Additional pearls for visualization include the following:

  • Be gentle, and avoid blood vessels when making corneal incisions;
  • Place a small amount of an OVD on the gonioprism;
  • Use an OVD to clear any blood if visualization is poor;
  • First explore the use of intraoperative gonioscopy in a pseudophakic eye;
  • Always maintain the anterior chamber with an OVD; and
  • Do not rush, and maintain subtle movements.

4. Pay Attention to Intraoperative Positioning

Operate with the patient in a reverse Trendelenburg position, which minimizes episcleral venous pressure and reduces the risk of blood reflux. Surgeon comfort is also important. Sit up straight, with relaxed shoulders, and take a deep breath. Surgery is not a race—an extra few minutes taken to prioritize ergonomics can help prevent future pain.

5. Know the Limitations of MIGS

It is important to know which patients are not candidates for MIGS. The following factors may warrant exclusion:

  • Advanced disease without an intact collector system;
  • A target IOP of 12 mm Hg on no medication;
  • An inability to cease blood thinner use for 1 to 2 weeks, limit activity for 1 to 2 weeks, or sleep with head-of-bed elevation;
  • An unstable IOL; and
  • Broad areas of peripheral anterior synechiae.

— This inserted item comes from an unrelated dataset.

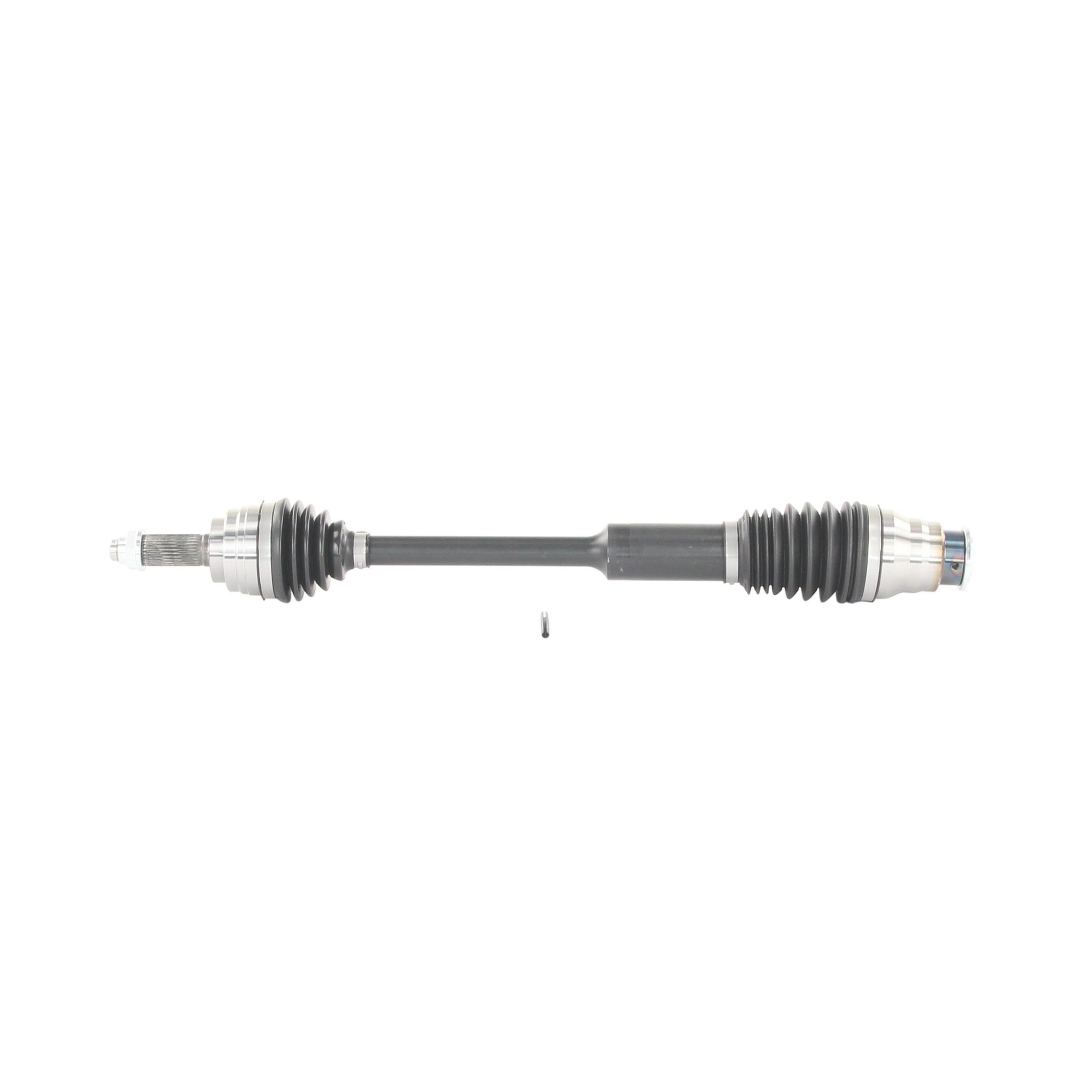Extended Travel CV Axle Shaft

It is also important to understand the limitations of MIGS. These procedures usually do not achieve an IOP in the low teens on zero or one medication, although we occasionally see these results with the iVEnT. Procedures can fail and can be costly, and the patient may later require additional surgery. MIGS is a rapidly changing space, and there can be a significant learning curve for procedures. Moreover, long-term and comparative data on MIGS are limited.

CONCLUSION

When glaucoma fellowship ends, the learning has just begun. When adopting a new surgical glaucoma procedure, practice first in the wet lab, watch surgical videos, discuss the steps with peers, ask a colleague to come into the OR, and be prepared. Interventions continue to develop over time, so it is crucial to become comfortable being uncomfortable and to never stop learning in the OR.

1. Gazzard G, Konstantakopoulou E, Garway-Heath D, et al. Selective laser trabeculoplasty versus eye drops for first-line treatment of ocular hypertension and glaucoma (LiGHT): a multicentre randomised controlled trial. Lancet. 2019;393(10180):1505-1516.

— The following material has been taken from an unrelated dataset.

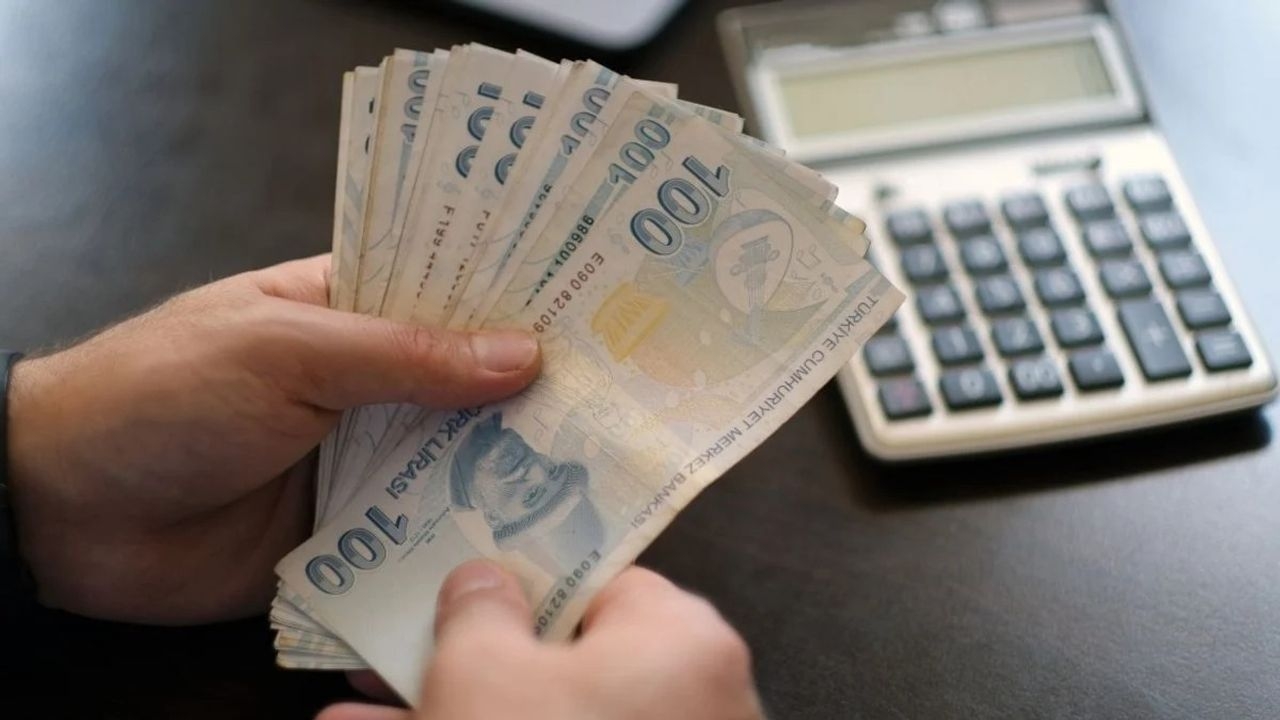 Foto - Milyonlarca çalışanı ilgilendiren yıllık izin kararı çıktı! Yargıtay o kuralı sessiz sedasız değiştirdi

2. Gazzard G, Konstantakopoulou E, Garway-Heath D, et al; LiGHT Trial Study Group. Laser in Glaucoma and Ocular Hypertension (LiGHT) trial: six-year results of primary selective laser trabeculoplasty versus eye drops for the treatment of glaucoma and ocular hypertension. Ophthalmology. 2023;130(2):139-151.

3. Okuda M, Mori S, Takano F, et al. Association of the prolonged use of anti-glaucoma medications with the surgical failure of ab interno microhook trabeculotomy. Acta Ophthalmol. 2022;100(6):e1209-e1215.

4. Barkan O. A new operation for chronic glaucoma. Restoration of physiological function by opening Schlemm’s Canal under direct magnified vision. Am J Ophthalmol. 1936:19(11):951-965.

5. Barkan O. Goniotomy for congenital for congenital glaucoma—urgent need for early diagnosis and operation. J Am Med Assoc. 1947:133(8):526-533.

6. Johnstone MA. The aqueous outflow system as a mechanical pump: evidence from examination of tissue and aqueous movement in human and non-human primates. J Glaucoma. 2004;13(5):421-438.

7. Johnstone M, Xin C, Tan J, Martin E, Wen J, Wang RK. Aqueous outflow regulation - 21st century concepts. Prog Retin Eye Res. 2021;83:100917.